Nous sommes là devant un échec de l’humanité. C’est comme si le Satan, le prince de ce monde, donnait aujourd’hui la pleine mesure de sa perversion et nous conduisait tranquillement vers l’abîme. Il nous fait perdre le sens de la vie. Il nous fait perdre le sens de la famille. Il nous fait perdre le sens de la communauté de proximité, des villages et des quartiers où l’on se rencontre, où l’on célèbre, où l’on échange. Il nous fait perdre le sens de la charité qui met l’amour en premier. Il nous fait perdre le sens de la matière avec ses puissances de vies végétales et animales pour nous mener vers un monde froid et lugubre. Il nous éloigne de nos parents et de nos aînés, pour les laisser mourir seuls dans des lieux où l’on ne les visite que très rarement. Il appauvrit notre langage et notre culture pour nous empêcher de parler simplement des choses essentielles de la vie, et d’en vivre tous les mystères au travers des multiples réalités de ce monde.

Il y a un nouveau projet d’humanité à avoir qui doit mettre au centre l’amour et la relation. Cet amour que l’on contemple en Dieu qui est Amour, qui est Communauté de Personnes, qui est Trinité. Et l’on doit chercher avant tout cet amour, l’on doit chercher à vivre des dons réciproques entre personnes. Un amour qui se rend visible dans le couple homme-femme d’où naissent les enfants. On doit contempler ce mystère d’amour et vouloir le reproduire en tout lieu, le faire vivre partout. Un amour qui se vit dans des communautés de proximité, comme celui du village ou du quartier. Là, il nous faut échanger, partager, nous retrouver, célébrer. Il faut s’engager pour faire vivre la culture, comme étant cet agir dans son environnement pour y déployer la vie, et comme étant l’usage de multiples moyens pour dialoguer entre nous au sujet des réalités du monde, qu’elles soient spirituelles ou matérielles. Il faut reprendre le pouvoir sur ce que nous sommes en mesure de faire par nous-mêmes sans qu’un échelon supérieur intervienne. Il nous faut réinvestir les campagnes qui ont été délaissées.

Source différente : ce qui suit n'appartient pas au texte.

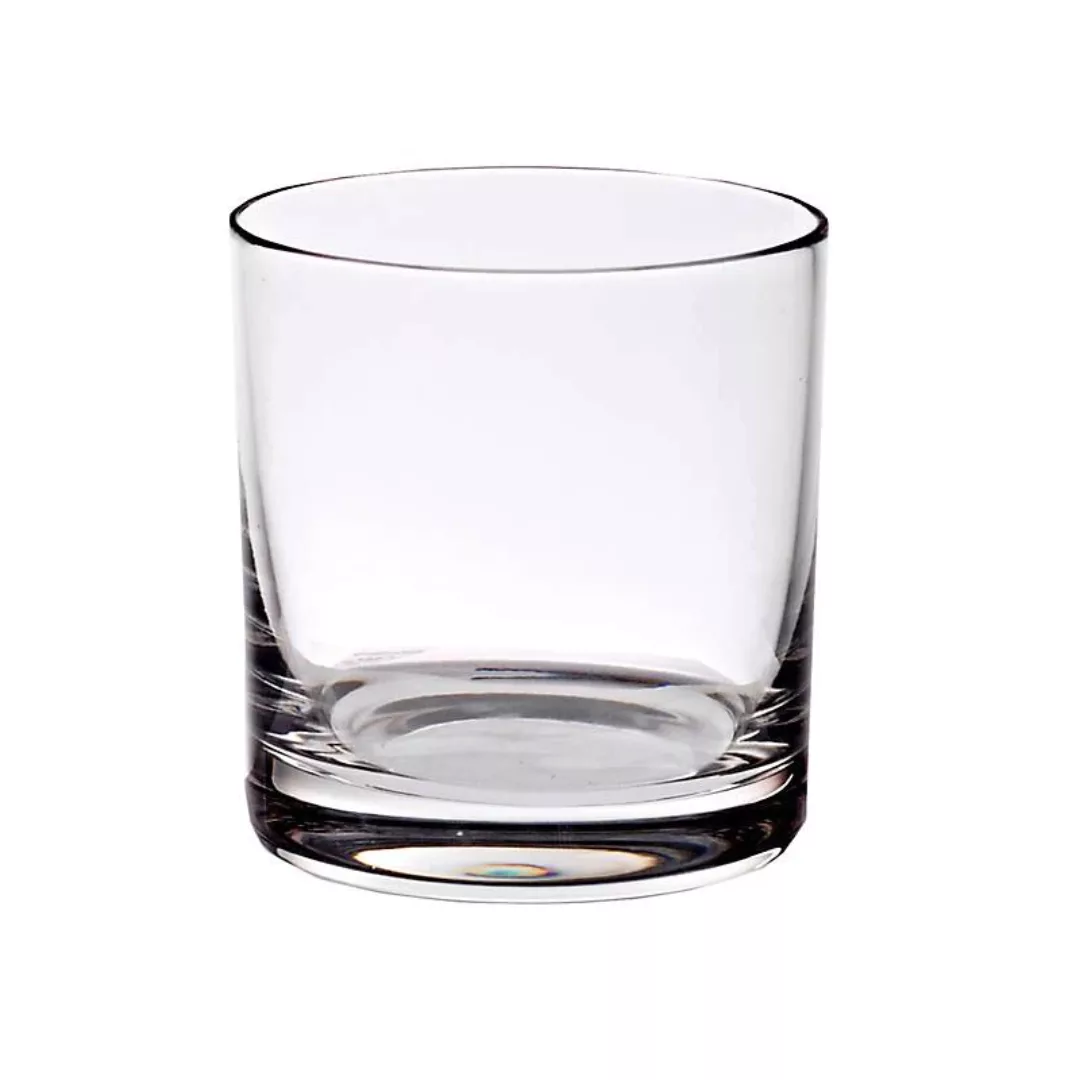 Whiskyglas 250ml günstig online kaufen
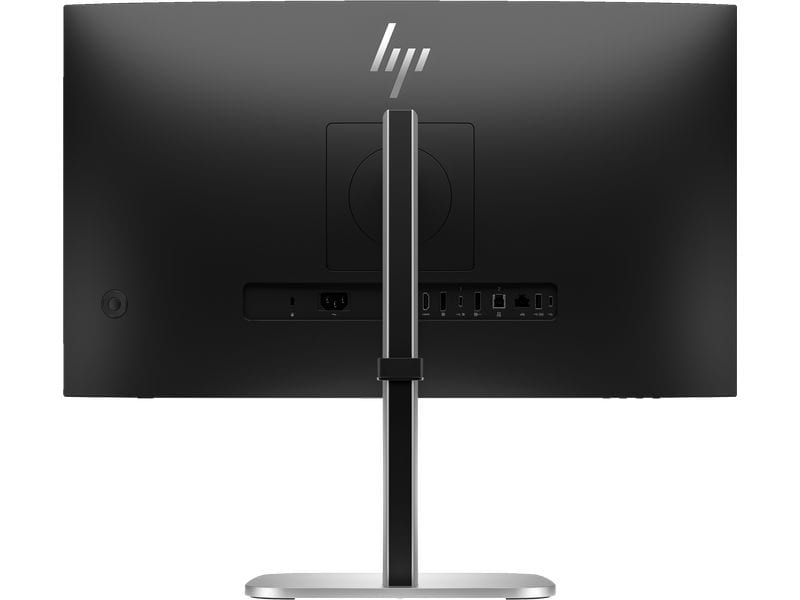 HP Monitor Serie 5 Pro 527pm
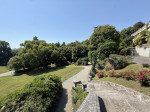 LESA  - Vendita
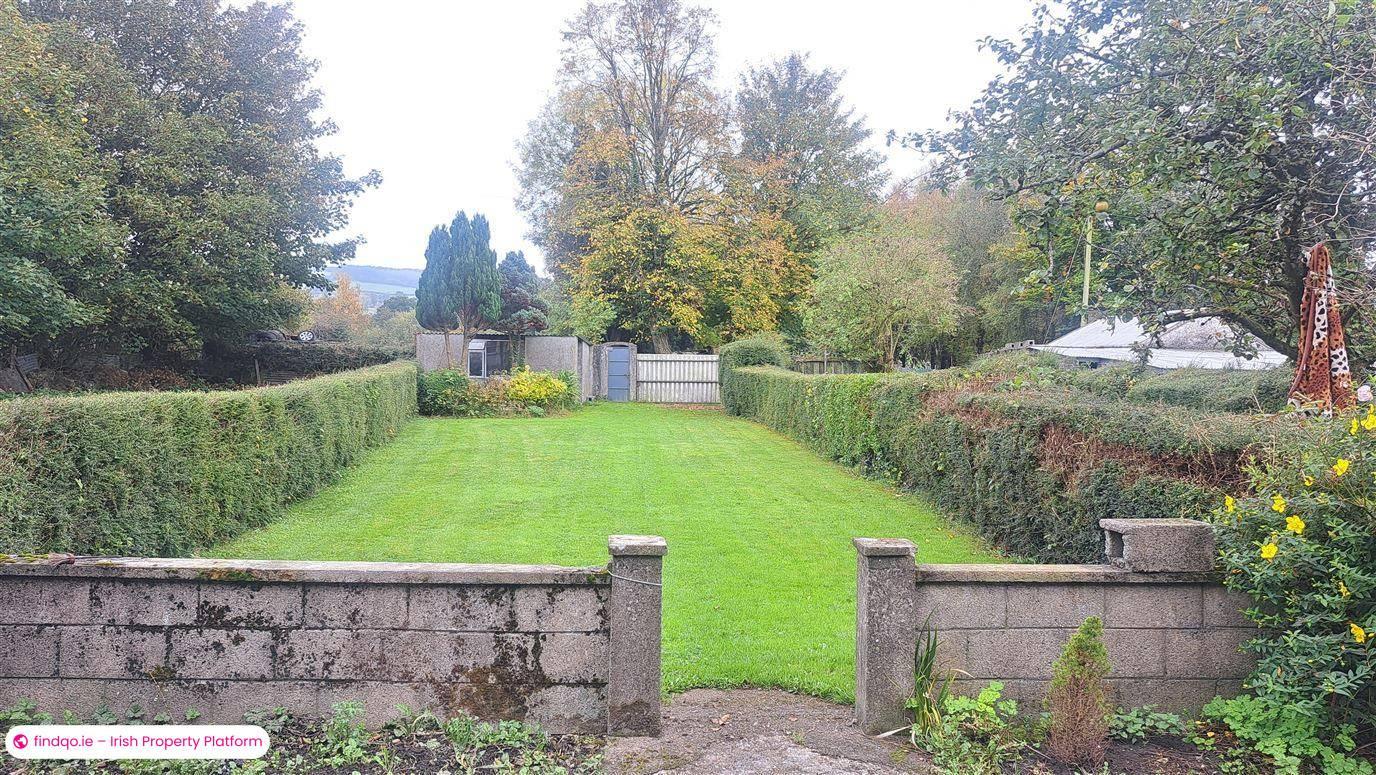 Terraced house for Sale in Ballyporeen, Tipperary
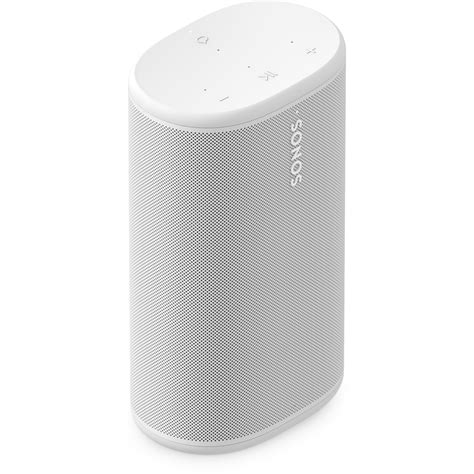 Sonos Play Hilfe und Support | Sonos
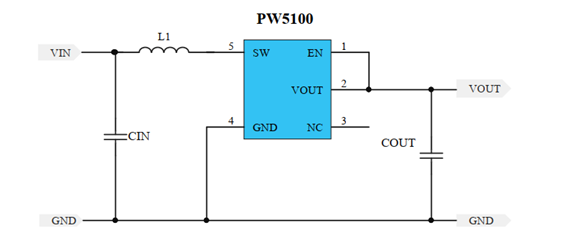 干电池升压5V，功耗比较低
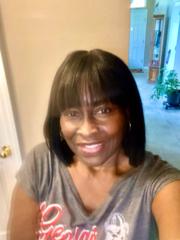 Sheryl Bobbett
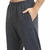 Pantalon Rustico Con Lycra APTITUD 6523grismelange - comprar online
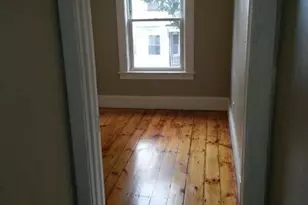 91-93 Fort Hill Ave, Lowell, MA 01852 - Photo 8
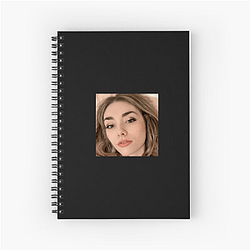 Sommerset Cozy Vibes Style Sommerset Notebook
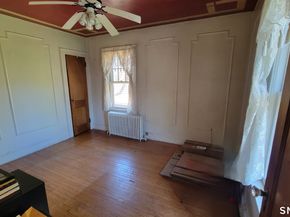 3460 Main Street, Bridgeport CT 06606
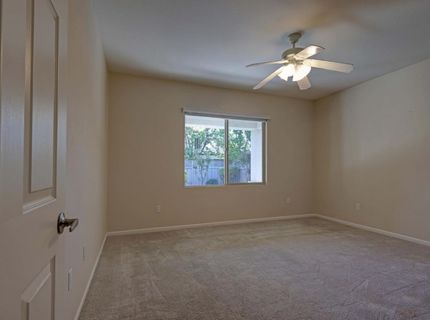 2041 Stepping Stone Ln, Lincoln, CA 95648 Photo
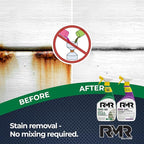 RMR Brands DIY Mold Remover Bundle - Image 5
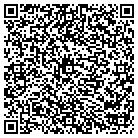 QR code with Joes Moving & Storage Inc contacts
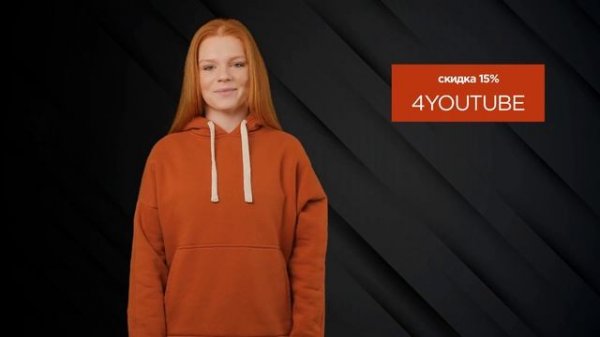 Что такое jQuery и зачем он нужен? ➤ Уроки jQuery для начинающих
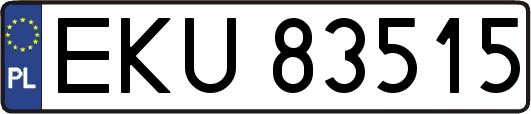 EKU83515
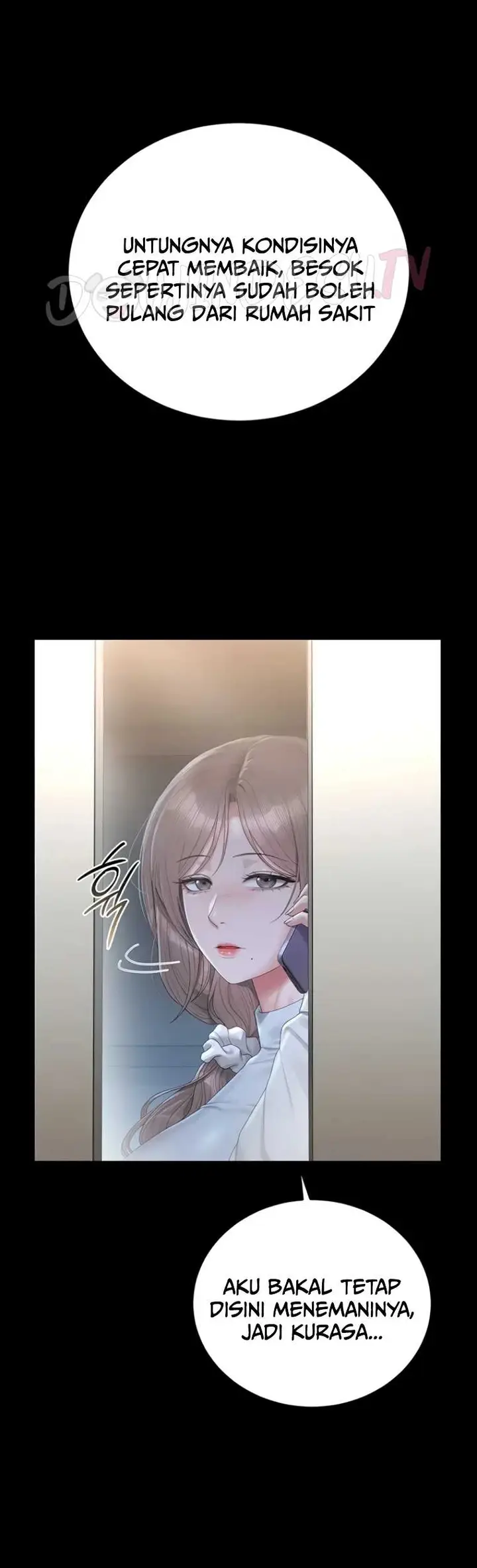 image-komik-i-became-an-apartment-security-manager-manhwa-chapter-60-17/44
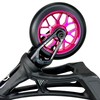 Fantic26 Spy7 Stunt Scooter Wheel I Trick I Pedal I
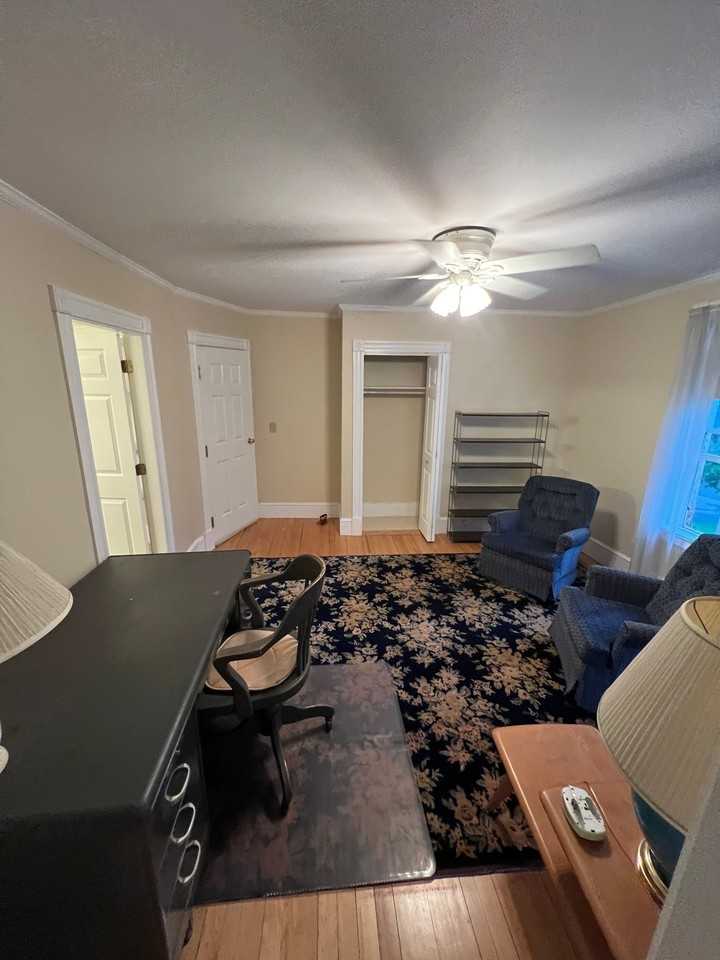 33 E Summer St #1 - Photo 6 of 10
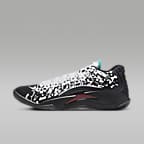 Zion 3 PF Basketball Shoes. Nike ID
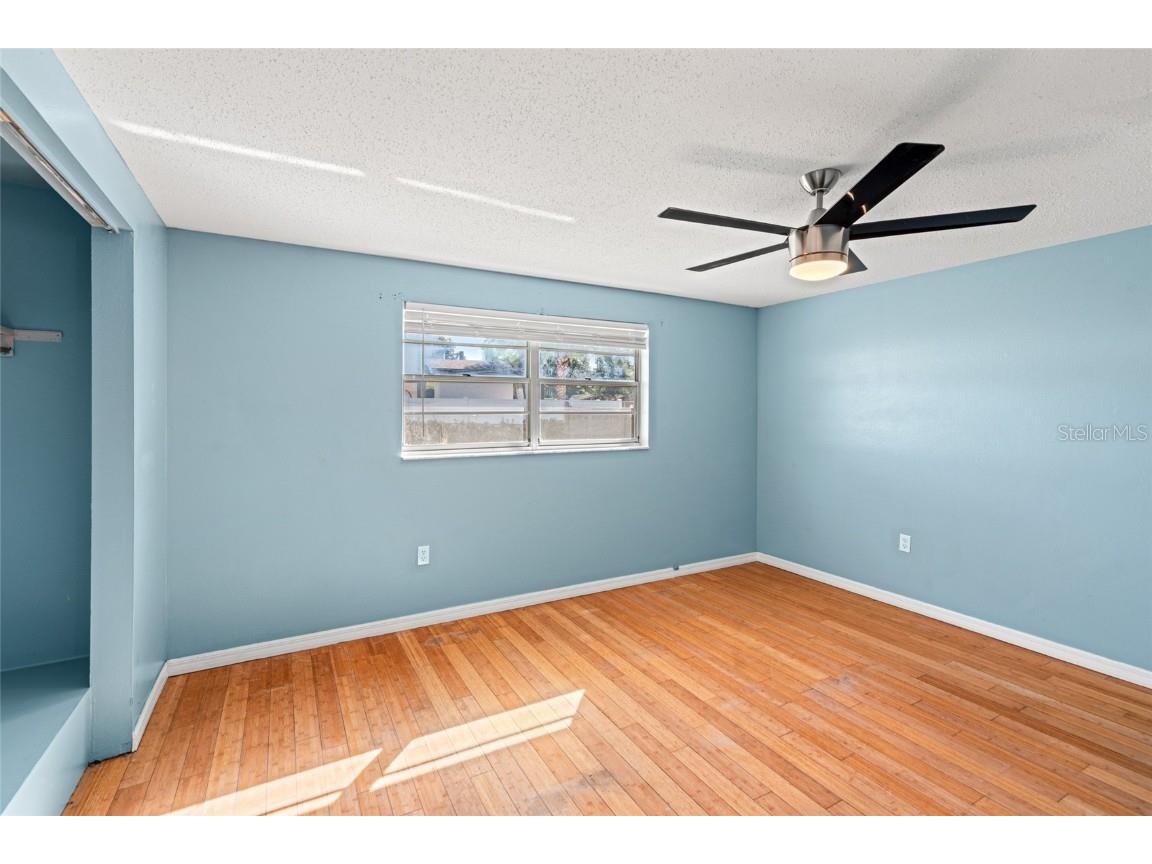 6801 Dickinson Court Tampa FL 33634 TB8439361 image18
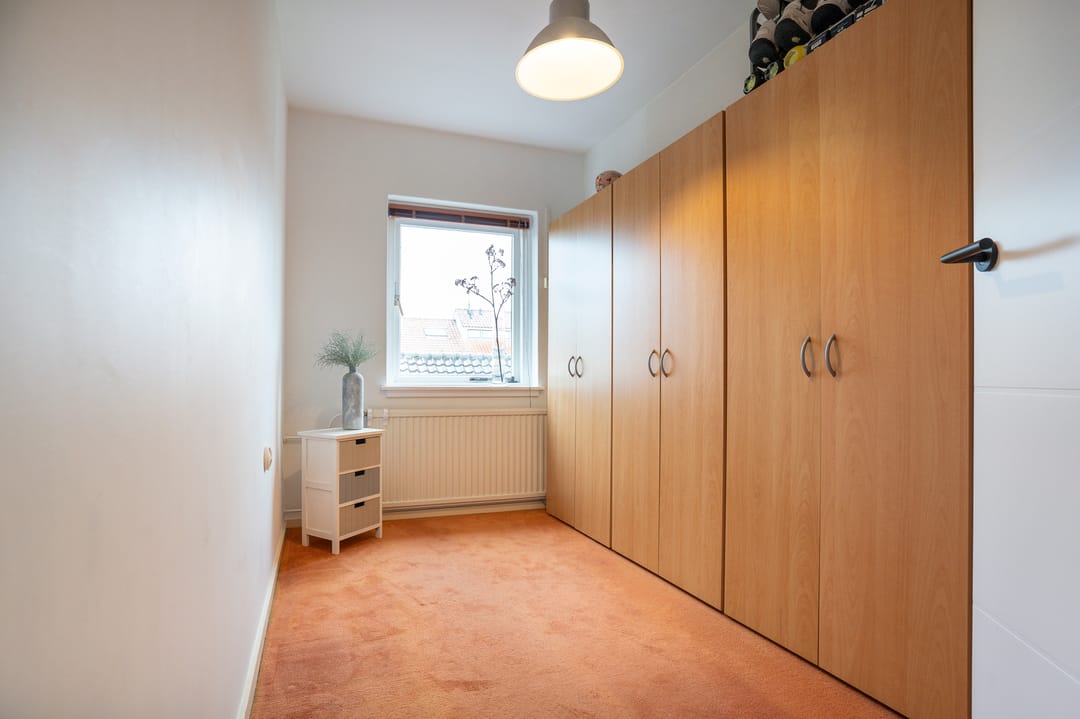 Foto 23 van Prinses Irenelaan 5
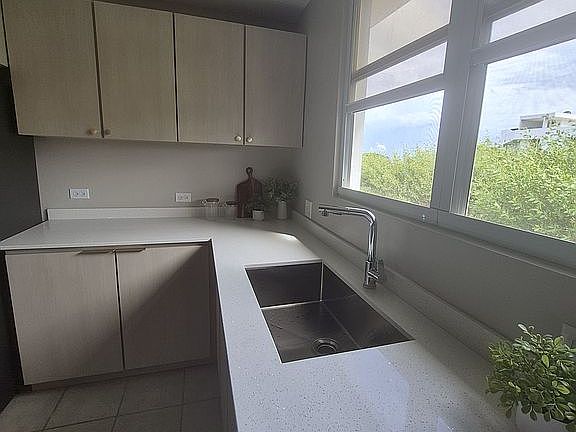 2nd image of 494 Chalets De La Playa
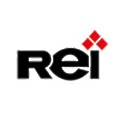 REI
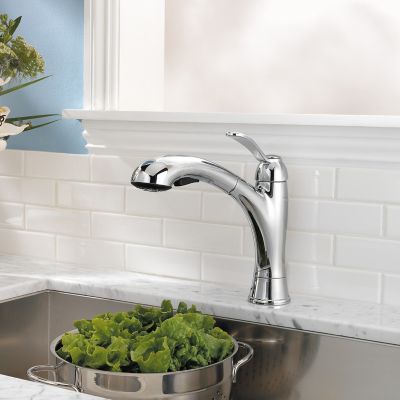 Product Vignette for pf_clairmont_lf-534-7cmc_v1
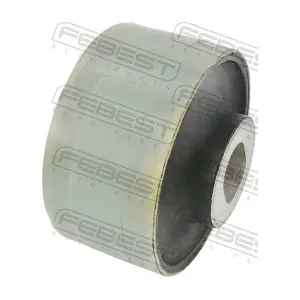 LRAB-041 FEBEST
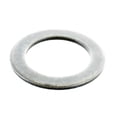thumbnail image 2 of Yamaha Marine New OEM Plate Washer 90201-251G8-00, 2 of 4
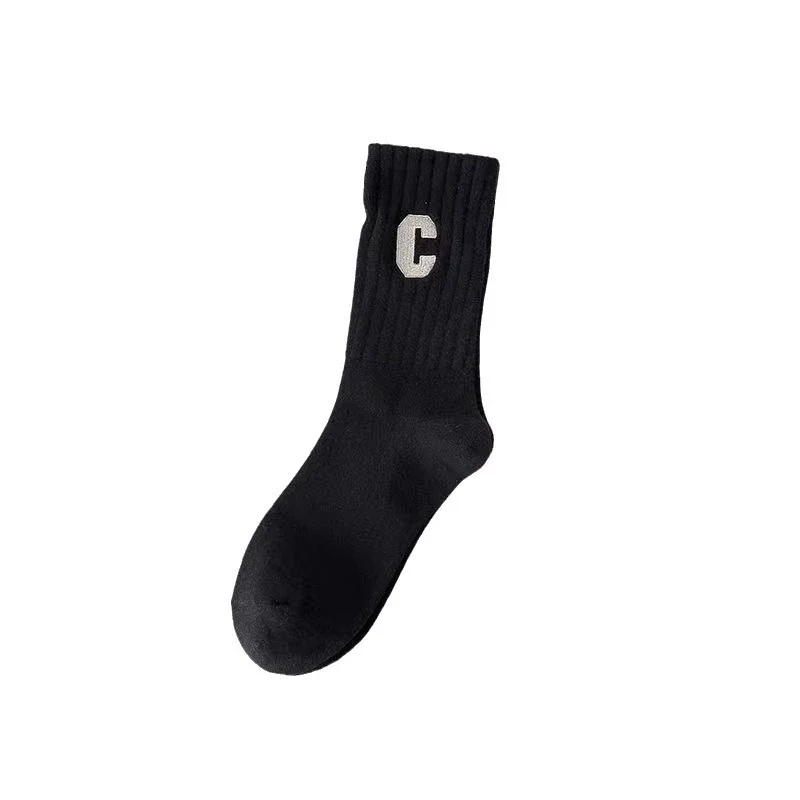 Women's Thick Anti-slip Sports Socks(5 Pairs)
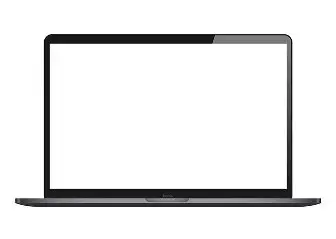 מחשבים ניידים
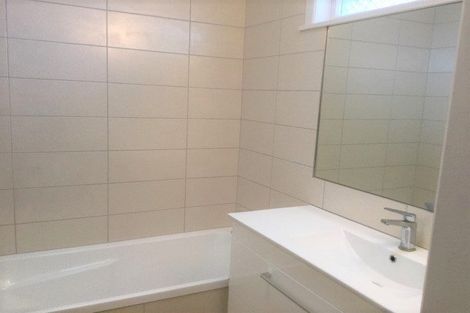 Photo of property in 50 Grange Road, Otumoetai, Tauranga, 3110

Il faut abandonner ce système de la finance devenu fou pour aller vers un système qui refusera de soumettre toutes nos réalités au seul profit. Il faut s’engager dans le monde de l’éducation et de la transmission pour donner aux générations futures ce goût d’un autre monde et les moyens pour le construire. C’est un programme politique à mener. C’est une direction à prendre, chacun de là où nous sommes.

C’est aussi une mystique à avoir pour comprendre le sens ultime de toute cette aventure humaine. Sans cette mystique, on ne pourra apaiser le cœur de l’homme, on ne pourra vraiment concevoir l’ordre du monde. Cette mystique doit passer par une contemplation du monde des anges qui nous révèlent la vocation de nos associations, de nos pays et de nos continents. C’est par eux, par leur mystère propre qui se révèle dans ces communautés, que l’on pourra vraiment entrer dans le mystère de l’unité dans la diversité, celui qui fait qu’il y a diverses cultures qui ne sont pas interchangeables. L’on pourra aussi y saisir notre place dans l’univers, et y voir le sens des responsabilités vécues comme un service et non comme une gloire du fait de la rotation des fonctions dans la liturgie céleste. C’est en même temps grâce à eux que nous pouvons comprendre vraiment la distinction des pouvoirs religieux et temporels, ainsi que l’existence d’une dimension plus intérieure des choses et d’une union de tout cela dans l’unité autour de Dieu. L’on y verra que nos communautés naturelles correspondent à divers anges de diverses hiérarchies, et qu’il y a des échelons plus importants. C’est le cas des pays et des quartiers, paroisses ou villages, car ils correspondent aux Trônes et ont donc une unité plus grande, car c’est là l’aboutissement de la première hiérarchie angélique, l’un au sein des représentations chez les Principautés, l’autre chez les Archanges. L’on verra aussi les départements et les diocèses comme à la jonction entre les Principautés et les Archanges et qu’ils ont donc un rôle plus particulier à jouer.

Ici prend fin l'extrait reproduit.